Back in the herding camp, many Langtang Tibetan men are furious. One man, Lakpa Tenzing, tells me why. "We, everyone in Langtang, are Buddhists. And yet year after year, some Tibetans sells sheep to be slaughtered in the shadow of our sacred mountains. As a result the gods are angry and curse us. This is why so many of our children die, why there is so much disease in the village and why the crops fail."
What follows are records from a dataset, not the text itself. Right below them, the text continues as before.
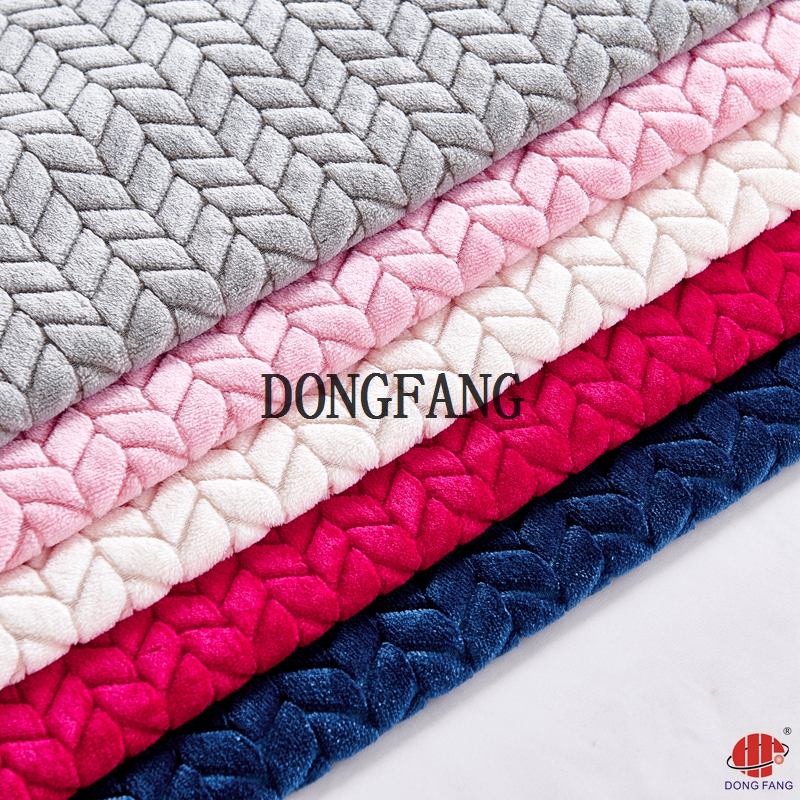 100% polyester jacquard flannel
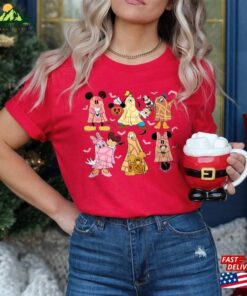 Retro Mickey And Friends Ghost Halloween Shirt Disney Ballon Comfort Colors Disneyland Sweatshirt Hoodie 3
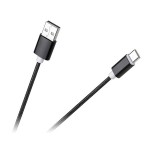 Cablu USB tata la USB tata type C, negru, 2m, M-Life, L100655 Cablu USB tata la USB tata type C, negru, 2m, M-Life, L100655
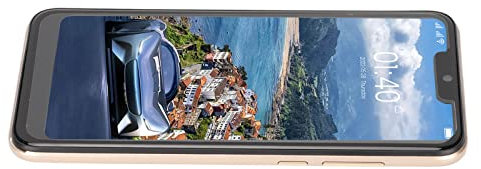 Akozon IP13 Pro 6,1 Zoll HD Bildschirm Smartphone 3 GB 32 GB Dual-SIM-Handy Phone Refurbished Unlocked mit HD-Kamera Vorne und Hinten für Android (Gold)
Langtang Tibetans, one of the poorer ethnic groups in central Nepal, have little arable land and can grow only one crop of barley, potatoes and buckwheat a year. These crops are not enough to meet the basic requirements of the Langtang Tibetan community. To make up the deficit, they trade wool, spices and herbs and sell livestock and dairy products, and work as porters and guides for mountaineering expeditions. Despite these other sources, many Langtang families do not have adequate food or clothing.

Most Langtang Tibetans claim to respect traditional Buddhist values, such as that forbidding the taking of life. However, abject poverty forces some of them to sell livestock for slaughter. Langtang Tibetans believe that if they forbade the slaughter of livestock they would alienate mountaineering expeditions which pump much-needed cash in to the local economy. However, almost all Langtang Tibetans (including those who sell the livestock) also believe that by allowing animal slaughter they are cursed by the gods whose support is necessary to get rid of the disease, poverty, child mortality and crop failure.